Each line of the data must be given back verbatim, with pictures removed.
─── Supplied material ───
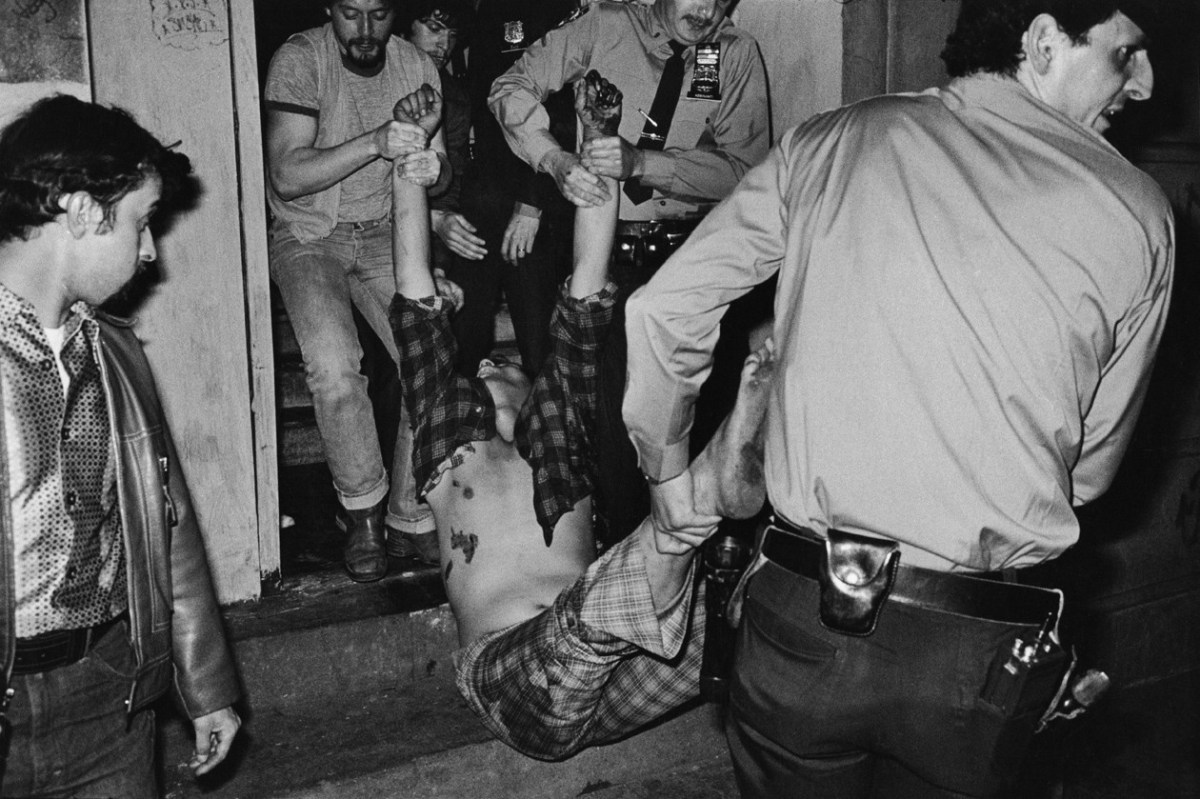 Jill Freedman, Knifed On Ave B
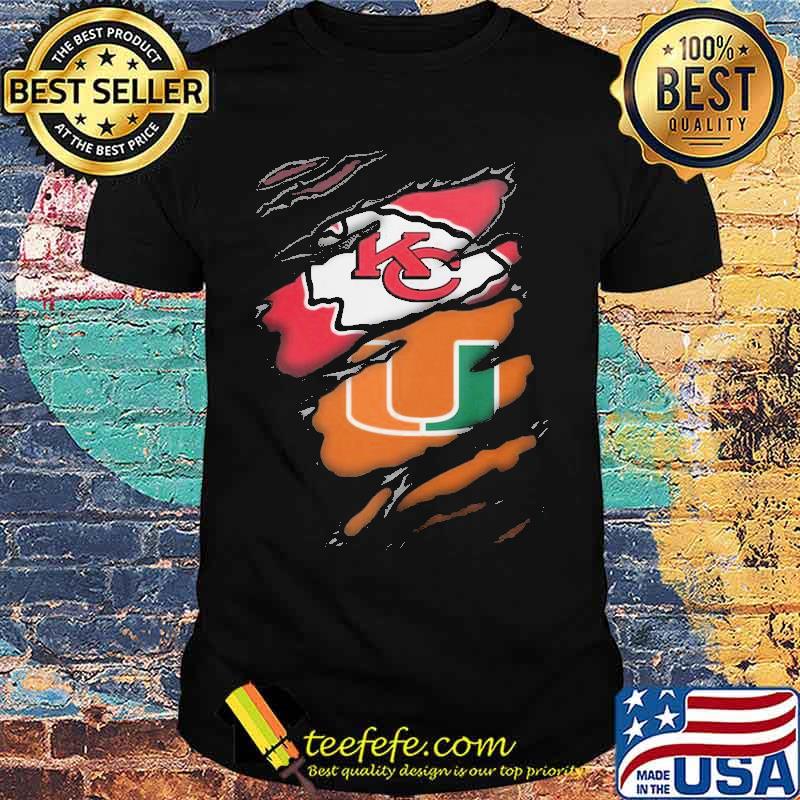 MiamI hurricanes and Kansas city Chiefs shirt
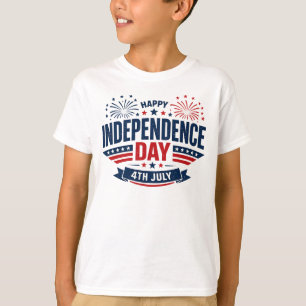 Camiseta Feliz Dia da Independência 4 de Julho Patriótico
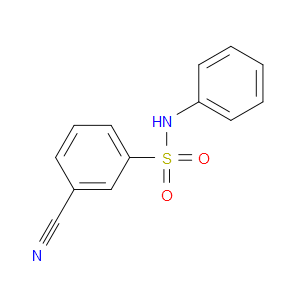 3-CYANO-N-PHENYLBENZENESULFONAMIDE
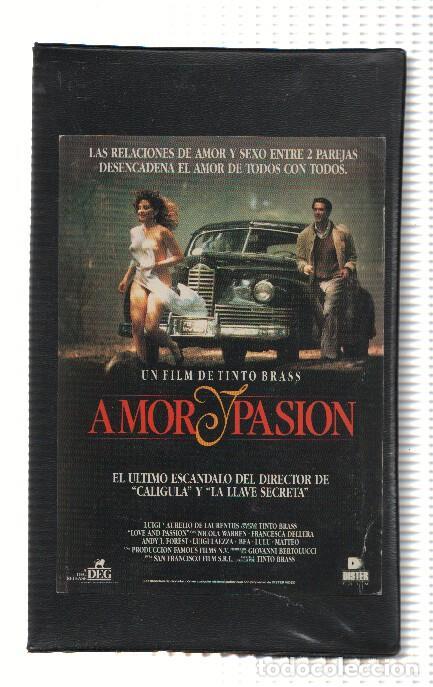 Colecionismo de Revistas e Jornais: Pelicula VHS: AMOR Y PASION - Tinto Baass - Tinto Brass
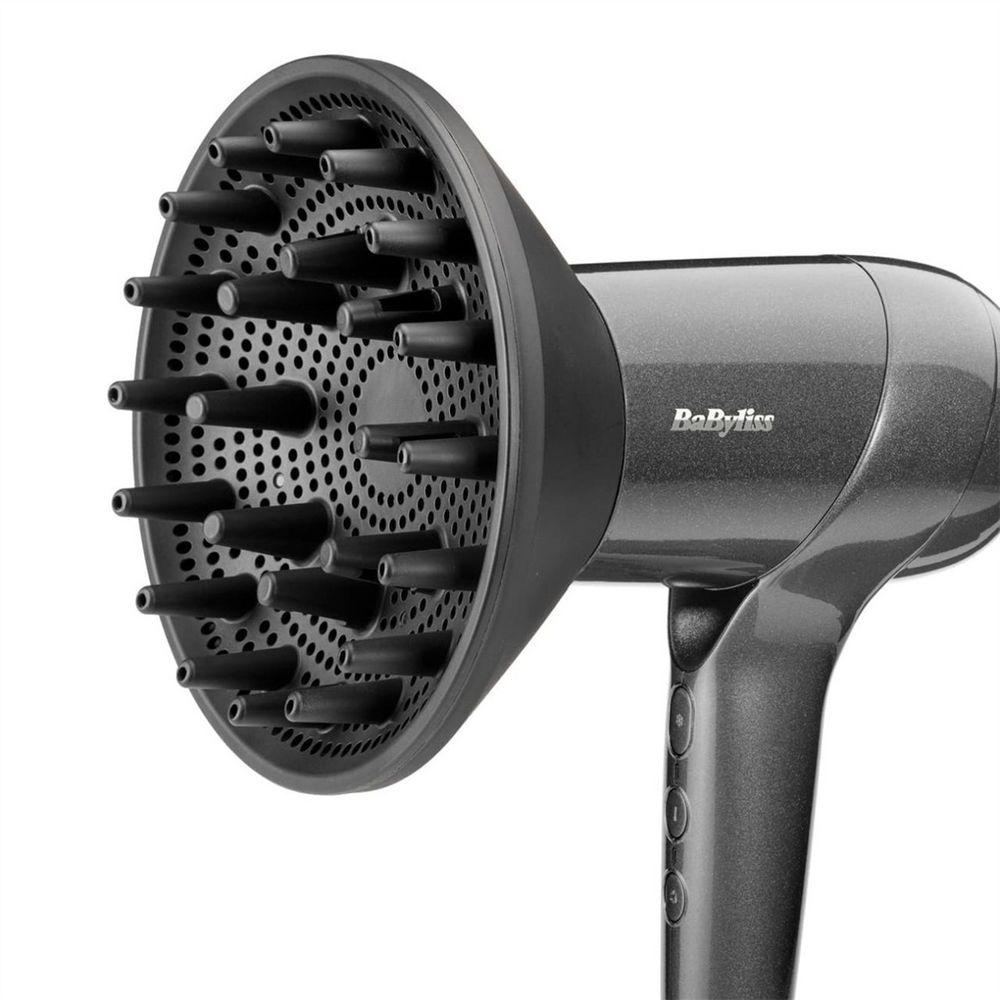 Фен Babyliss TitaniumShine D6200DE Чорний (Black) 206197 фото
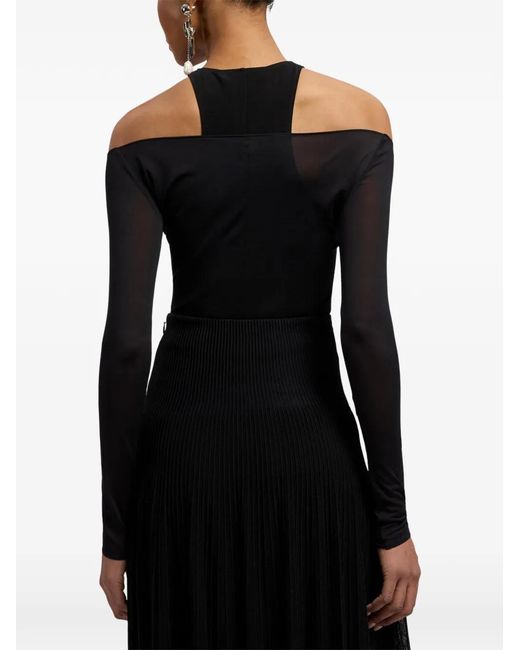 Ralph Lauren Black Maxine Layered Racerback Top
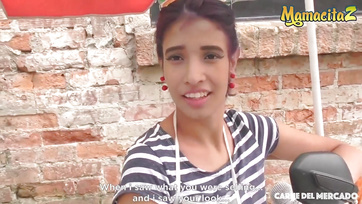 Latin Teen with a Nice Ass Hunted Down on the Street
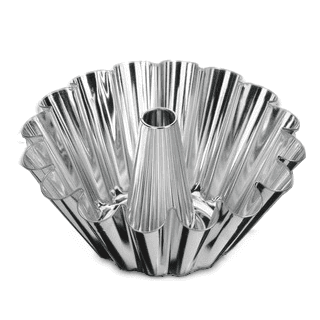 Forma okrągła do pieczenia z tuleją, z blachy ocynowanej - śr. 16 cm - doskonała do pieczenia babek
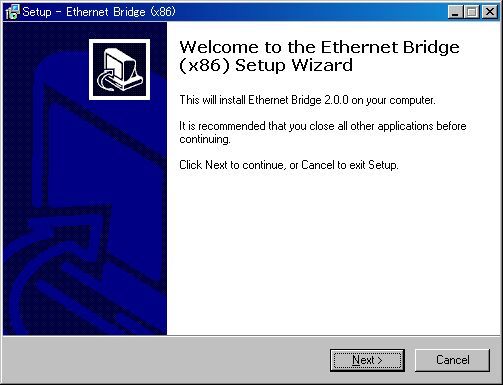 Ethernet Bridge installer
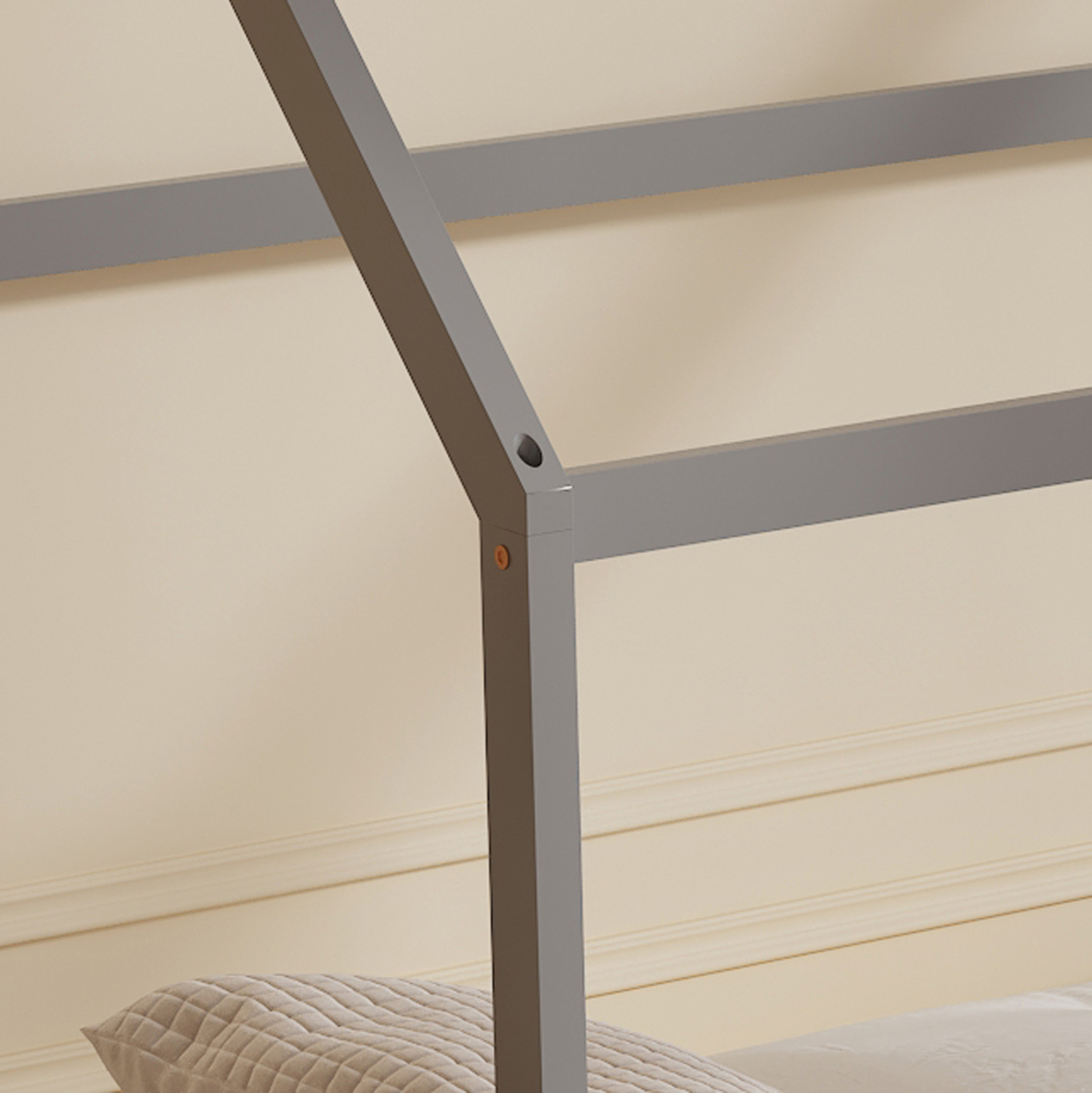 ΚΡΕΒΑΤΙ ΠΑΙΔΙΚΟ ΜΕ ΣΤΡΩΜΑ PEPE HM21302.02 ΞΥΛΟ ΠΕΥΚΟΥ ΣΕ ΓΚΡΙ--ΣΤΡΩΜΑ 90x190εκ 8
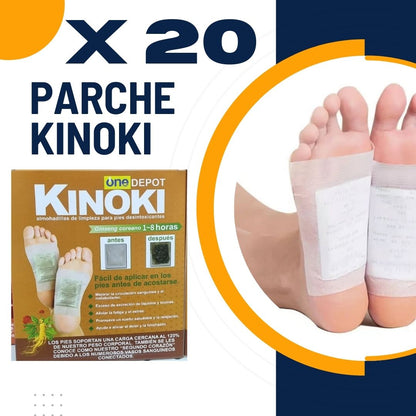 Kinoki Balance+ | Pack 20 Parches Kinoki Premium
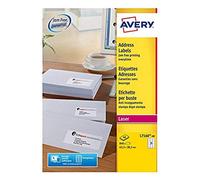 Avery 840 Address Labels for Laser Printer 40 Sheets with 21 Labels Each White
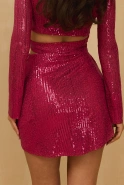 Sally - sequin mini in bold pink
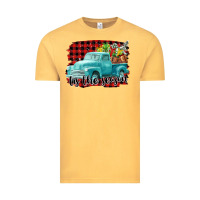 Vintage Mustard Tis The Season Christmas Truck Vintage Tee - FaDigitalArtStudio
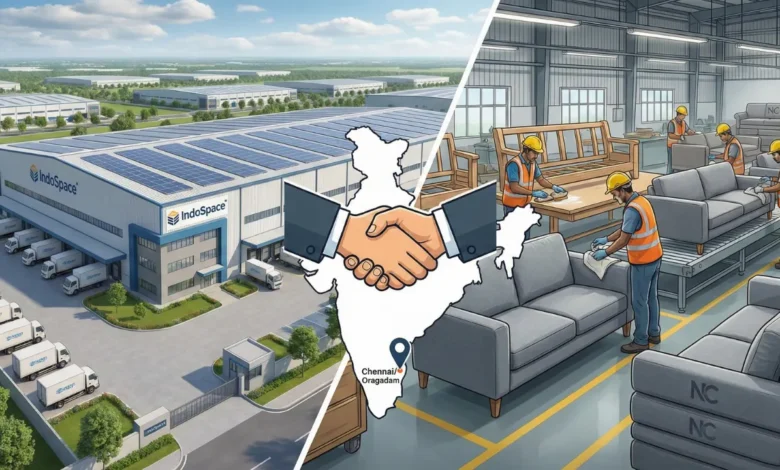 New Century Sofa India leases 2.72 lakh sq ft warehouse space at IndoSpace Oragadam Tamil Nadu
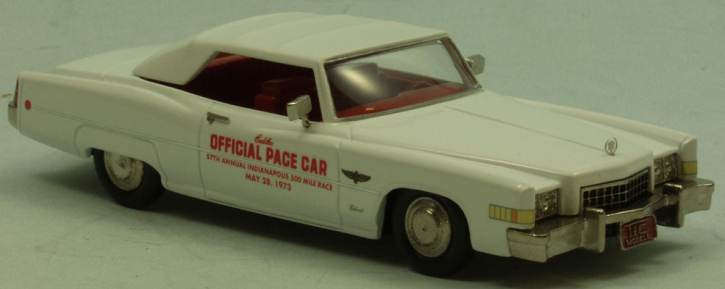 1973 Cadillac Eldorado Indianapolis Pace Car 1973, Dach geschlossen weiss 1/43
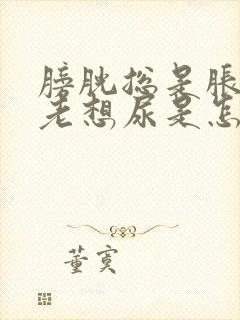 膀胱总是胀胀的老想尿是怎么回事封面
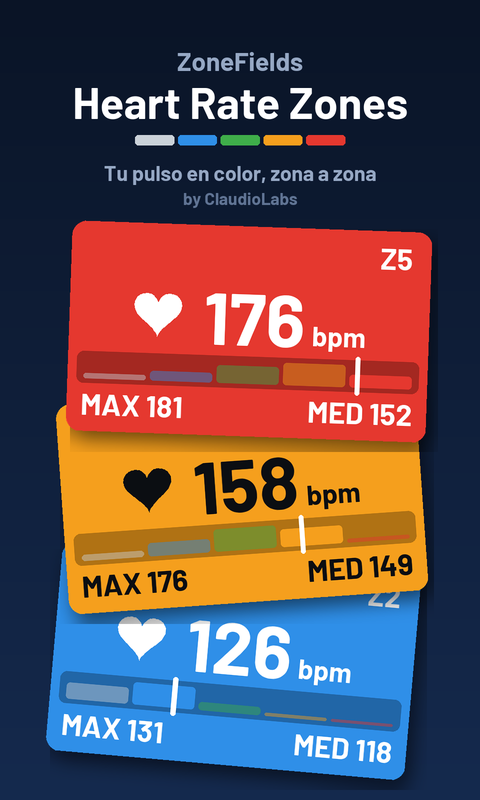ZoneFields HR – Heart Rate Zones · Screenshot 2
───
• Answer below:
 Jill Freedman, Knifed On Ave B
 MiamI hurricanes and Kansas city Chiefs shirt
 Camiseta Feliz Dia da Independência 4 de Julho Patriótico
 3-CYANO-N-PHENYLBENZENESULFONAMIDE
 Colecionismo de Revistas e Jornais: Pelicula VHS: AMOR Y PASION - Tinto Baass - Tinto Brass
 Фен Babyliss TitaniumShine D6200DE Чорний (Black) 206197 фото
 Ralph Lauren Black Maxine Layered Racerback Top
 Latin Teen with a Nice Ass Hunted Down on the Street
 Forma okrągła do pieczenia z tuleją, z blachy ocynowanej - śr. 16 cm - doskonała do pieczenia babek
 Ethernet Bridge installer
 ΚΡΕΒΑΤΙ ΠΑΙΔΙΚΟ ΜΕ ΣΤΡΩΜΑ PEPE HM21302.02 ΞΥΛΟ ΠΕΥΚΟΥ ΣΕ ΓΚΡΙ--ΣΤΡΩΜΑ 90x190εκ 8
 Kinoki Balance+ | Pack 20 Parches Kinoki Premium
 Avery 840 Address Labels for Laser Printer 40 Sheets with 21 Labels Each White
 Sally - sequin mini in bold pink
 Vintage Mustard Tis The Season Christmas Truck Vintage Tee - FaDigitalArtStudio
 New Century Sofa India leases 2.72 lakh sq ft warehouse space at IndoSpace Oragadam Tamil Nadu
 1973 Cadillac Eldorado Indianapolis Pace Car 1973, Dach geschlossen weiss 1/43
 膀胱总是胀胀的老想尿是怎么回事封面
ZoneFields HR – Heart Rate Zones · Screenshot 2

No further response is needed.